La liste des défaites est longue. Et nous ne voyons que peu d’interstices permettant d’imaginer un renversement. Ce qui nous paraît évident, c’est que nous n’avons rien à gagner à tenter de maintenir le statut quo, quand bien même nous avons peur (à juste titre) de l’arrivée du fascisme. En 2002, quand Jean Marie Le Pen arrive au second tour de la présidentielle, moins de 5 millions de Français avaient voté pour lui. Des millions de personnes avaient pris la rue. 20 ans plus tard, le barrage de la gauche, du centre et de la droite, nous amène à 11 millions d’électeurs pour le RN, et une acceptation assez dingue de cette situation.
Ce système arrive à bout. Il ne faut pas tenter de le sauver mais bien bâtir les conditions d’une nouvelle société.

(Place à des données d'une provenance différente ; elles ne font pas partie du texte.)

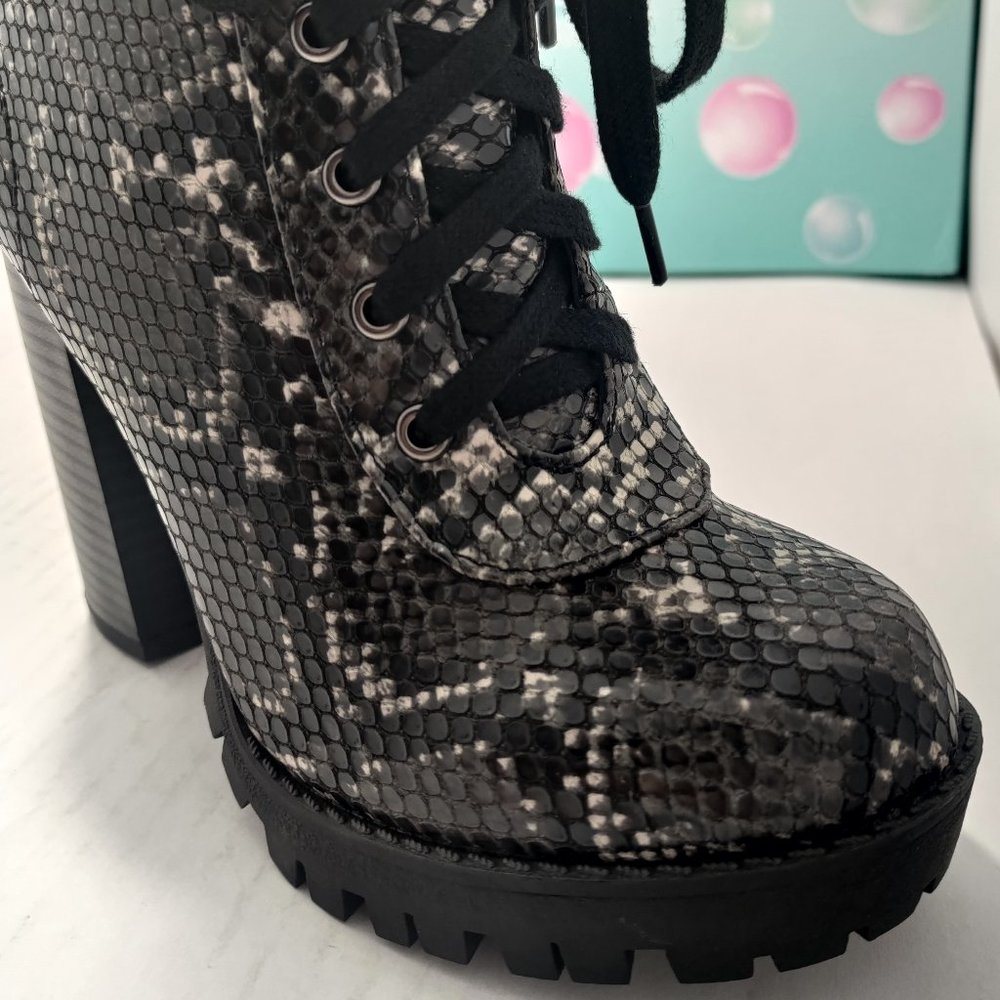 LIMIT High Platform Heel Ankle Bootie Black/Gray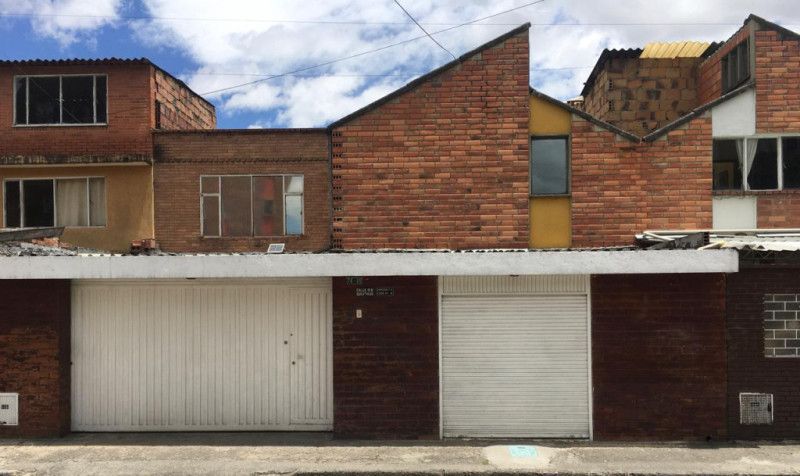 Casa en venta Cundinamarca Bogotá Timiza 135 m2 Habitaciones 4 Baños 2 Garajes 2 Precio $470000000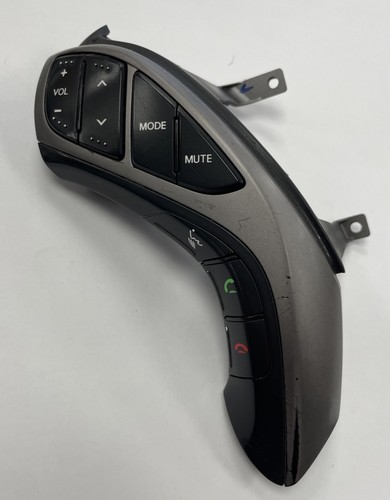 2011-2016 HYUNDAI ELANTRA STEERING WHEEL AUDIO CONTROL SWITCH OEM - Picture 1 of 8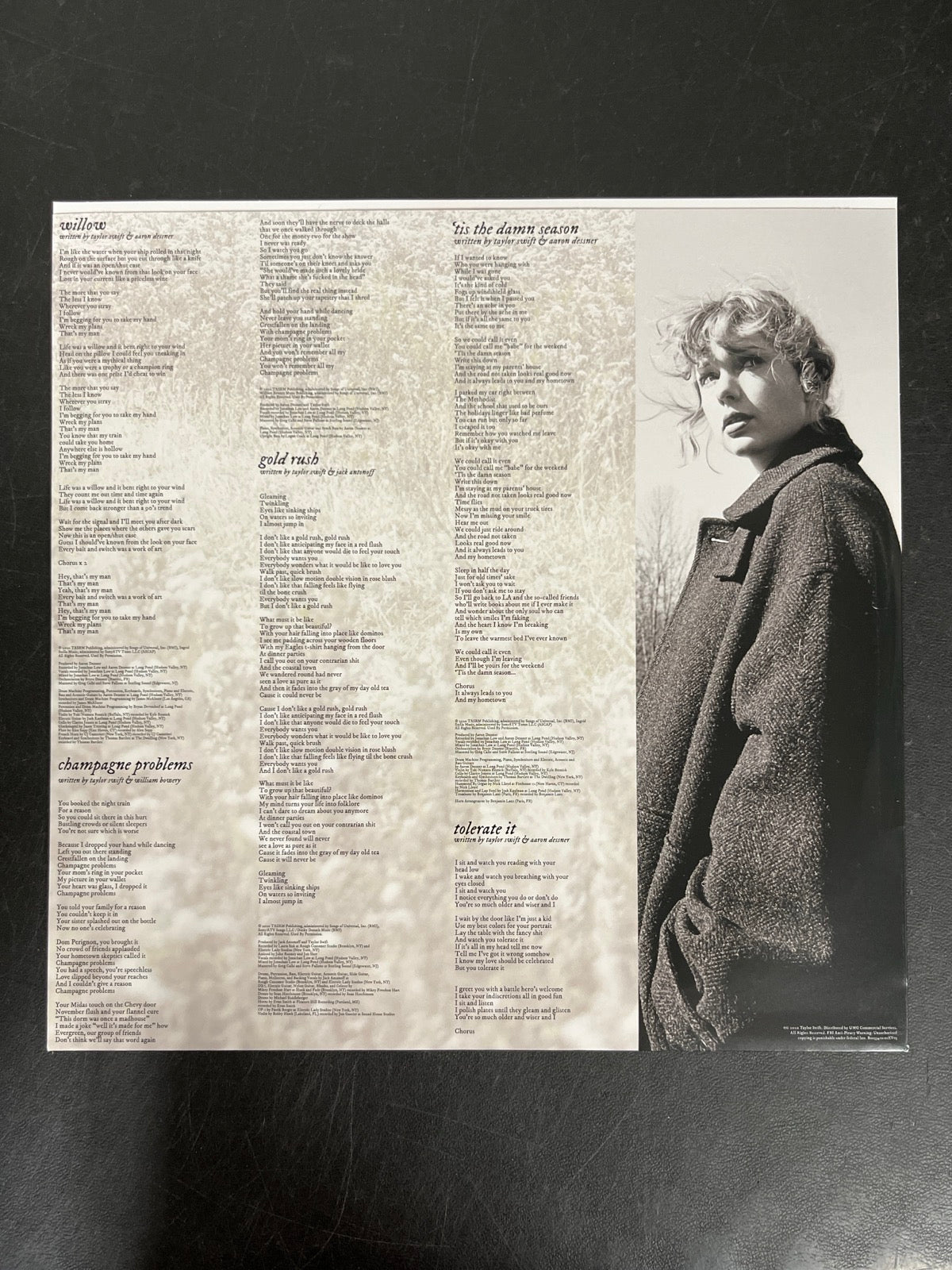 SLEEVE_1F - Taylor Swift - Evermore LE Translucent Red Etched Vinyl USED NOT TESTED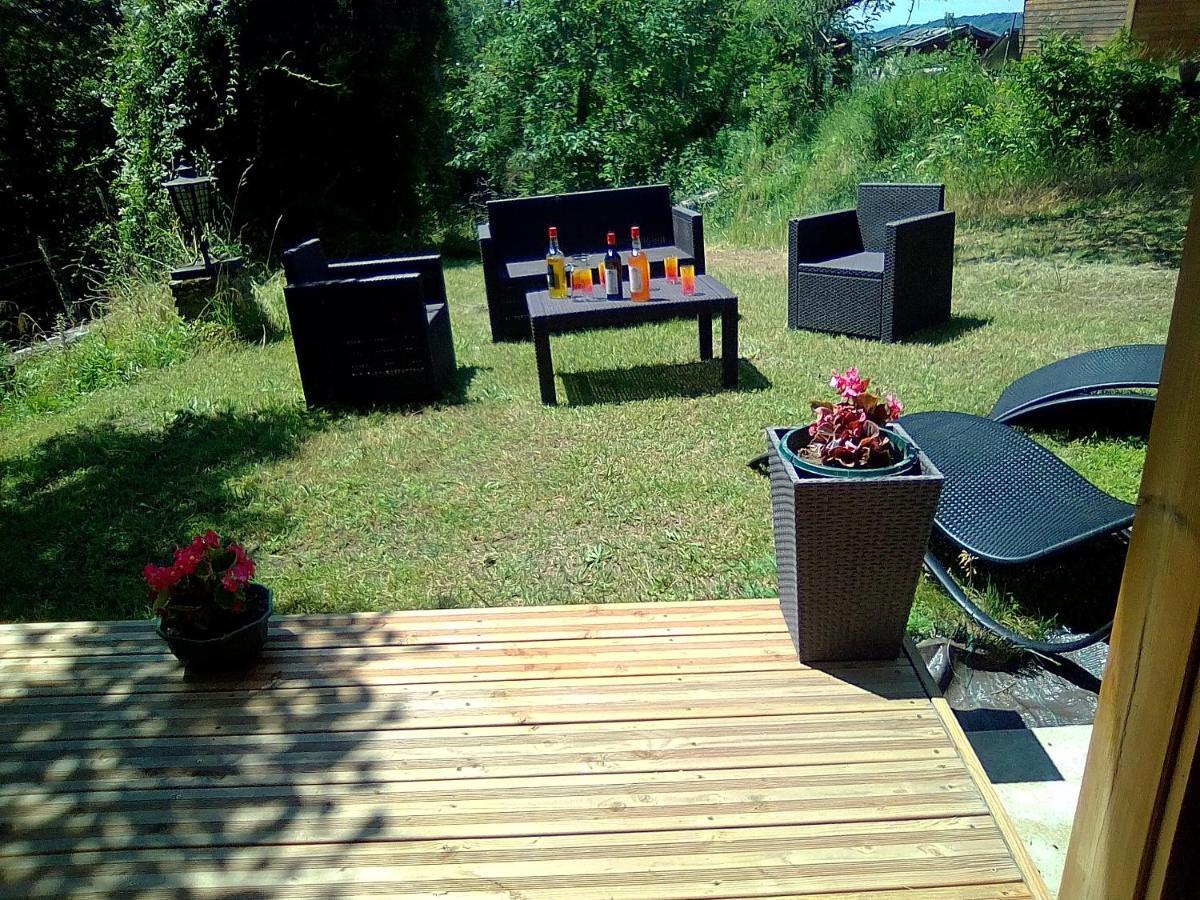 Domaine Des Cigales, Chambre D'Hotes Saint-Martin-d'Aout Bagian luar foto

Ce n’est qu’en proposant des horizons désirables que nous pourrons convaincre des nouvelles personnes de rejoindre l’aventure révolutionnaire. Pas en jouant le jeu sur la peur du pire. Certains ne voient pas (à tort) ce qui pourrait être pire que le présent. Les autres ont été pris dans le piège classique de la peur de l’autre.
Ce n’est qu’en prônant, et en mettant en pratique des valeurs de solidarité, d’ouverture et de bienveillance que nous pourrons, petit à petit, rue par rue, quartier par quartier, reconstruire une force à même de lutter contre la haine de l’autre.